Currently, many Master’s programs at the University offer merit-based scholarships. However, according to advice on the UChicago graduate admissions website, these are very competitive and students are encouraged to apply to external funding. However, any graduating fourth-year student who enrolls in an eligible Master’s program at the University will be eligible for the newly announced scholarship.

Deadlines will be extended “to at least May 1,” Boyer wrote. These programs will also be waiving standardized testing requirements for University of Chicago students. Those that are accepted and enroll will receive a “one-year, half-tuition scholarship” from the College.  

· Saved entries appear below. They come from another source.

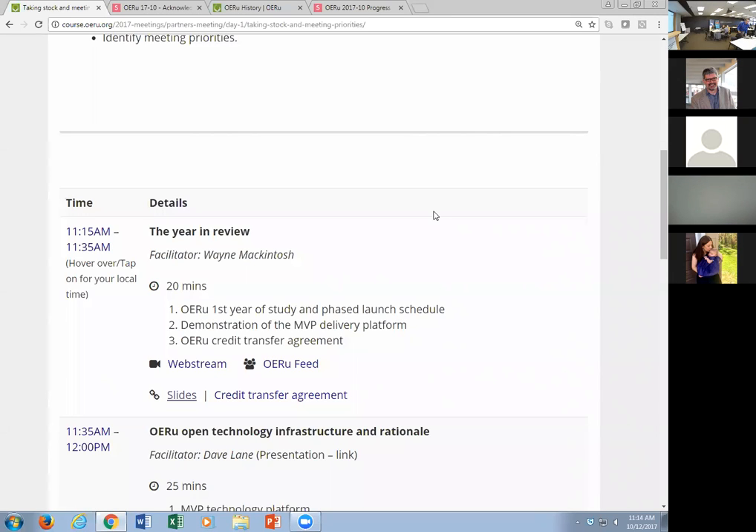Thanks very much. Right, welcome back to the next exciting session of the OERU meeting. Just before we begin, one last introduction. Let me hand over here to Professor Clive Mulholland.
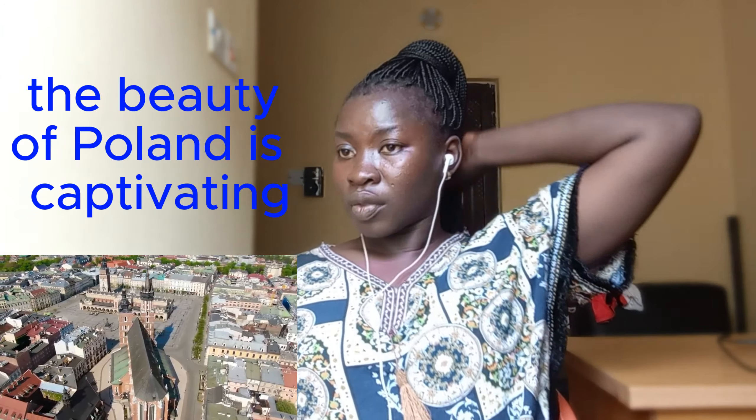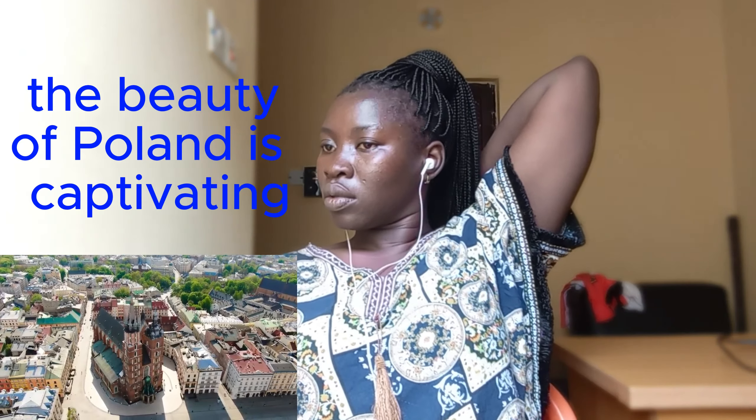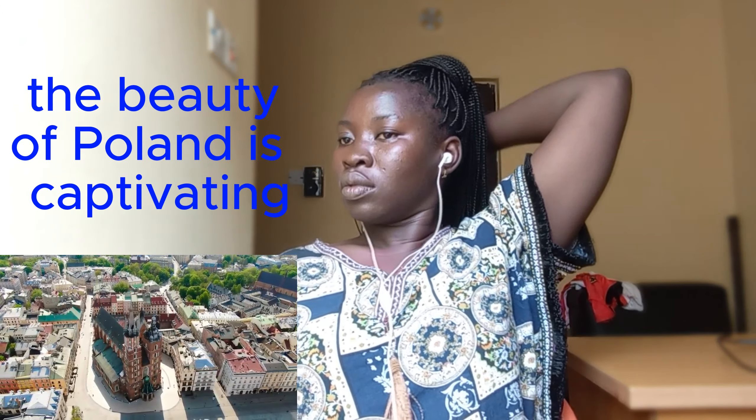From the castle you can make a short 10-minute walk to the main square. This dates all the way back to the 13th century and was the largest medieval town square in all of Europe, which is pretty crazy. It's just fascinating to think of all the history that took place here. Now in the corner of the square is St. Mary's Basilica, which was built back in the 14th century and is a perfect example of Polish Gothic architecture.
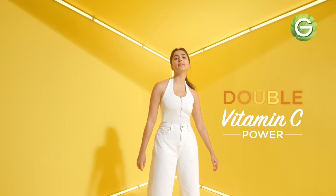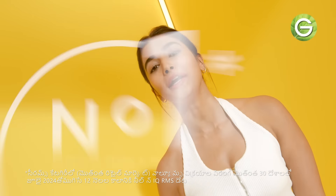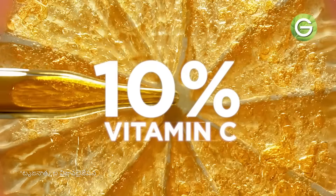Dark spots is a big deal. New Garnier Vitamin C T&I Serum. We will take our number 1 vitamin C serum. We will take 10% vitamin C serum in the evening. And we will take a lot of dark spots to get rid of them.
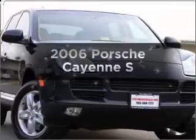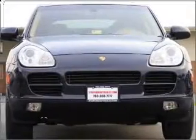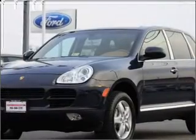Get noticed in this 2006 Porsche Cayenne. This is the set of wheels you've been looking for, with a powerful 8-cylinder engine connected to a smooth-shifting 6-speed automatic transmission.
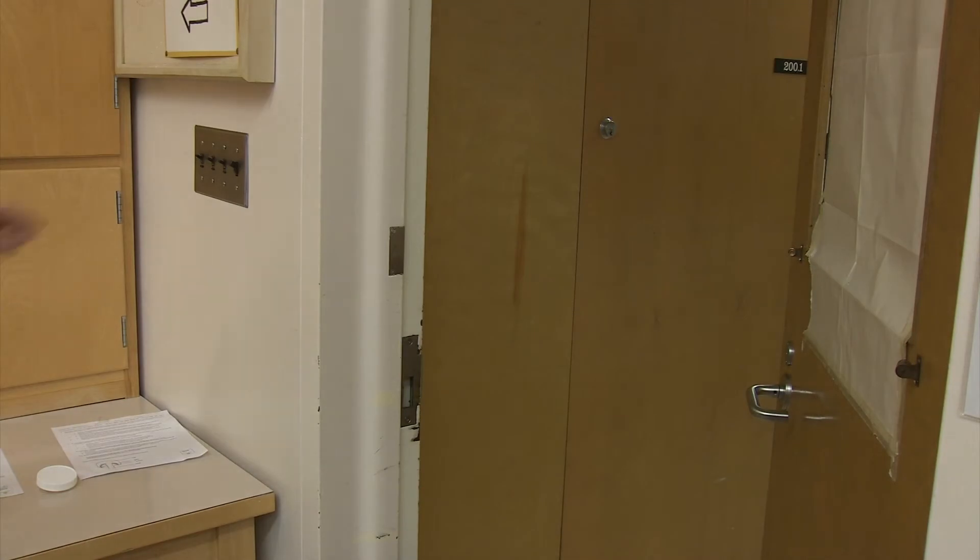In case of a lockdown, the lab doors will be closed and locked, the lights will be turned off, and we will ask you to move away from any windows and remain quiet until we are notified that it is safe to resume the lab.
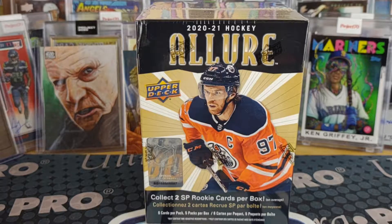Well good morning. Welcome to another break here from Bounty Hunter Breaks. This is the Boba Fett break, and yeah, more Allure Hockey.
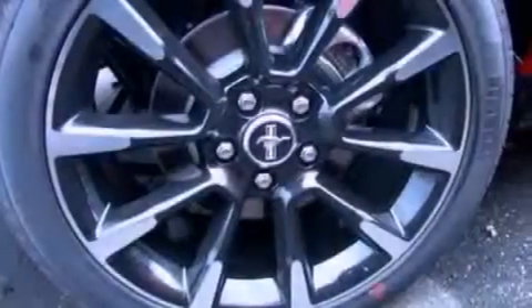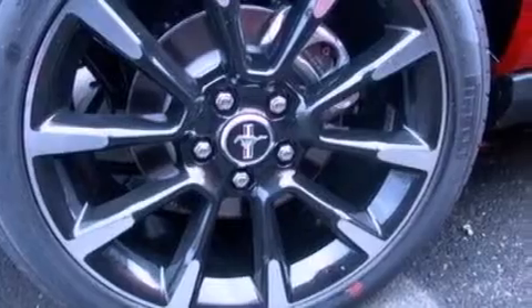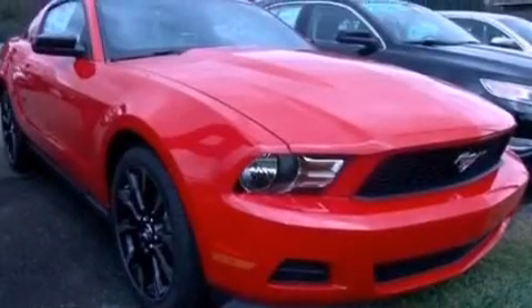With an EPA estimated rating of 29 miles per gallon on the highway, this vehicle is clearly a fuel-efficient choice.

Master’s programs eligible for the one-year scholarship include the computer science program; the Juris Doctor program at the Law School; and the Master of Arts in Public Policy at the Harris School. 

These “represent a diverse range of disciplines, and will all give you advanced knowledge and skills that will prepare you for specialized career opportunities,” Boyer wrote.

Boyer also advertised the University’s Micro-Metcalf Program, which provides paid “micro-internship” projects for undergraduates. Students can apply to work as teaching assistants, research assistants, or in administrative roles during the spring quarter for a $2,000 stipend.

Boyer’s announcement came on the eve of the spring quarter, and as University of Chicago students are scattered across the world for a quarter of remote learning because of the COVID-19 pandemic.